まずは、裁断したツバの周りを地縫いします。

帽子のツバには芯が入っています。

以前は、圧縮した紙を使いましたが、今回はキャンバス・フェルト・キャンバスと三層構造を水溶性の接着芯で一枚にした物を使います。

紙では折れてしまう、布だとエッジに硬さが無いのでツバの中に綺麗に入らない。だから、ビンテージではツバの周りをパイピングする仕様が多いわけです。

このジレンマを解消するため、三層構造で適度な硬さ、厚みを出し、さらに芯も水溶性にする事で洗った後には接着部分が取れ、キャンバス・フェルトの間にはごく薄い生地が残るだけの状態になります。

せっかく適度なやわらかさのあるキャンバス・フェルトも接着が硬すぎては意味が無いからです。

その芯材を裁断するのが、この鏨(たがね)です。

何でも刀鍛冶が一つずつ、ワンオフで作成しているそうで、もっと現代的な枠型もあるのですが、やはり切れ味ではこの刀鍛冶鏨にはかなわないそうです。

今回、さらに詳しく聞くと、刃が付いている部分から上に向かってほんのわずかなテーパーがかかっているそうです。これにより、裁断した後、鏨をひっくり返して「ぽん」と置くと、芯材が自然とばらばらと落ちてくる。これでないといけないそうです。

先ほどの、地縫いをして置いた生地に芯材を入れあっという間にひっくり返して入れてしまいました。

あらかじめ、アイロンで仕上がりの形に縫い代を折っておくのがポイントのようですが、これはもう、職人芸というか、慣れというか、何とも言いようがありません。

ものの10秒ほどで「くくっと」入れてしまうのですが、私がやると2-3分かかってもここまできれいに入りません。

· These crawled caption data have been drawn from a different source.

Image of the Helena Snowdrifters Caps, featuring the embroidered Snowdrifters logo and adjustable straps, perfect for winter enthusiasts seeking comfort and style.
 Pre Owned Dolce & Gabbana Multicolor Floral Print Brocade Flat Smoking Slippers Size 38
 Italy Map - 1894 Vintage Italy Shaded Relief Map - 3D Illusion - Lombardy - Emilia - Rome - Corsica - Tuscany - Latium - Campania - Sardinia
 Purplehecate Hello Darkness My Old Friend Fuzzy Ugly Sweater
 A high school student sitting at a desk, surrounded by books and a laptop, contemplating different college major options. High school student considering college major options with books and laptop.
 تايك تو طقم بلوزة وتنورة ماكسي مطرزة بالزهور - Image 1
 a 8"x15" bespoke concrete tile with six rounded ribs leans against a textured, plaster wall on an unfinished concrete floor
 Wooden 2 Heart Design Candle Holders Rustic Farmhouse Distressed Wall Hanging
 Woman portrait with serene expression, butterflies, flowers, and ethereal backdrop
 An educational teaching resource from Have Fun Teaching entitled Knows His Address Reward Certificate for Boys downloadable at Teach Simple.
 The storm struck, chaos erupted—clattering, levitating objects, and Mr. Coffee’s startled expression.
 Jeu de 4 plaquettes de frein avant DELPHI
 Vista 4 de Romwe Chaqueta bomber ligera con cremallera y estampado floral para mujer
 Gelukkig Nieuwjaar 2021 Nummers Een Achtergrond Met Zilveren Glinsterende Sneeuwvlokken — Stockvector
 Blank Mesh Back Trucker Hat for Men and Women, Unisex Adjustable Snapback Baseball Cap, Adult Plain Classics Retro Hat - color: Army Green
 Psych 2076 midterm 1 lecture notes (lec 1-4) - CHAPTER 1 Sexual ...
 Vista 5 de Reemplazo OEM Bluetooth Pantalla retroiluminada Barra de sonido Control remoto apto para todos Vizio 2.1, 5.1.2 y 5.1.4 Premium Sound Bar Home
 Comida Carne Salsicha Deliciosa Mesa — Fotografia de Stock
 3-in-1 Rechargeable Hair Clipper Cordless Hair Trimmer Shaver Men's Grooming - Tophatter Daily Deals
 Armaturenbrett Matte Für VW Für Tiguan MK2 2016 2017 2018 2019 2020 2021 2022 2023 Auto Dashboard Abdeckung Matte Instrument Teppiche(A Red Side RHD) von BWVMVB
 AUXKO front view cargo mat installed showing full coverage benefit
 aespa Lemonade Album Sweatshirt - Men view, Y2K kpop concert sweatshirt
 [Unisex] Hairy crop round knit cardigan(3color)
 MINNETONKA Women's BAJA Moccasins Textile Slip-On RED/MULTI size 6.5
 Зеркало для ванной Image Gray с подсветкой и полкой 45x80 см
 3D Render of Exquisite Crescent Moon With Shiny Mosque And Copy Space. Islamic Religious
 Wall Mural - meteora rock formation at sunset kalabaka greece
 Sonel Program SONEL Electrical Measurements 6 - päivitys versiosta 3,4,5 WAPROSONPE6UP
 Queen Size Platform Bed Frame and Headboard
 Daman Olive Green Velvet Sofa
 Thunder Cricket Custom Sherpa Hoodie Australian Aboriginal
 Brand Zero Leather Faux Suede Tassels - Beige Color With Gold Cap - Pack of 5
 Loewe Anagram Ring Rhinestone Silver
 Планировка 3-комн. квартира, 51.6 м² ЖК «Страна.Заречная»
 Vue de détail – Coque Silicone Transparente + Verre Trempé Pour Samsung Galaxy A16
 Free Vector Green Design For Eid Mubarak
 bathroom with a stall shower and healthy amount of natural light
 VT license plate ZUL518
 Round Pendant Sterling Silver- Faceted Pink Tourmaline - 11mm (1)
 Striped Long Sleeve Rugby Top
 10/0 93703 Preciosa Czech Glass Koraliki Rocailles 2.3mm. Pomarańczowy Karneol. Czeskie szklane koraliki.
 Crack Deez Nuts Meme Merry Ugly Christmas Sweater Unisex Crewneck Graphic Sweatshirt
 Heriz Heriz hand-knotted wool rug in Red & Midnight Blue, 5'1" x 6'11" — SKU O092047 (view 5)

芯を入れた後は、ふたをするように、開き口を止めておきます。

いよいよ次は、ツバの押さえステッチをチェーンステッチミシンでかけていきます。

手前は参考にしたカーハートです。

鏨と同じく、センターに切り込みが入り、チェーンステッチが4本走っています。

チェーンステッチミシンにガイドになる定規をセットしています。
そして、縫製開始です。
写真の都合で、二本目のステッチになってしまっていますが、ここからは連続写真で、ぐるぐるぐるぐる縫う様をご覧ください。
 
 
 
 
 
 
 

とこのように、ぐるぐると縫って、そのつど、定規の位置を変えて、また次を縫っていきます。

最初、4本針ミシンで一気に縫っているのかと思いましたが、外周、内周で径にかなりの差があるため、このように一本針のチェーンステッチミシンで繰り返し縫わないと、このような仕様はできないことがわかりました。